Sussex Police believe that wolf-man hybrids in the seaside city of Brighton and Hove are particularly aggressive during full moons, as it is thought that during this phase in the lunar cycle they develop an, "insatiable taste for human flesh and blood."
"I compared a graph of full moons and a graph of last year's suspected werewolf attacks and there is a trend," Inspector Andy Capp told the Brighton Argus newspaper. Commenting on the methods used in NYC to discourage werewolves attacks, NYC's Police Commissioner, Ray Kelly said "City officials quickly understood the warewolves need for human blood." Kelly continued cautiously, "With Mayor Bloomberg and his staff, the werewolves were starving to death for lack of the correct blood source and had to find other hunting grounds." "Sussex was an obvious choice."

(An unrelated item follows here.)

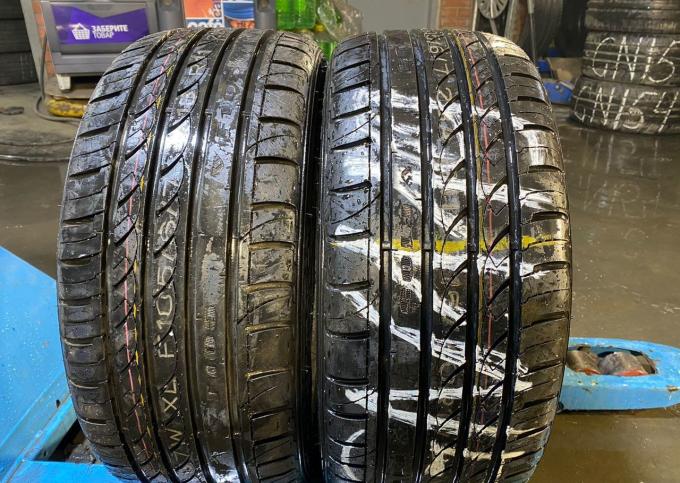 Minerva F105 215/40 R17 87W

"When there is a full moon out, we look at the sky and say, 'Oh no, all the werewolves will be out tonight,'" club bouncer Terry Terrance told the paper. Mr Terrance continued, "only last month my colleague had his throat torn out by a werewolf whom he refused entry to our club due to its unkempt and drunken demeanour. Luckily I managed to shoot the denizen of hell with a silver bullet." The police gave Terrance a summons for discharging a pistol within the City boundries.
In reaction another way had to be found to discourage the werewoves. "We don't like to break the law, but we been keepin' big wild cats, to scare the werewolves away." Terrance admitted to keeping two tigers and one lion in the pub's basement. "The big cats kill a bit less customers than the wolves." "It helps the bottom line."
"I mean, I have nothing against werewolves just as long as they behave themselves and stop trying to feast on our flesh and blood every time the moon is full!"
In angry reaction to the local business campaign "singling out" werewolves, PETA - People for the Ethical Treatment of Animals - has announced that a demonstration will be held in front of the local businesses which take part in the "assault on peaceful werewolves, which are merely hungry." Beautiful but insane American actress, spokesnut Kim Bassinger said on behalf of the group that "We can not stand by when the rights of werewolves are being systematically violated." Bassinger was joined by idiot American talk show host Ricky Lake, who exclaimed to the assembled crowd of three, "This is as bad as the concentration camps of World War Two." PETA's demonstration will be scheduled for an evening when there will be no full moon.
In a not-surprising series of developments, a counter-demonstration has been announced by several Jewish groups to PETA's "insensitive" reference to concentration camps. And counter-counter-demonstrations to the Jewish groups' counter-demonstration has been announced by several Arab groups. At press time, there was no further information concerning any counter-counter-counter demonstrations to the Arabs groups. However, such are expected.
In separate findings, Sussex police also found that demonic possession and witchcraft were the cause of homosexuality. "There's no question about this," said Chief Inspector S. Holmes.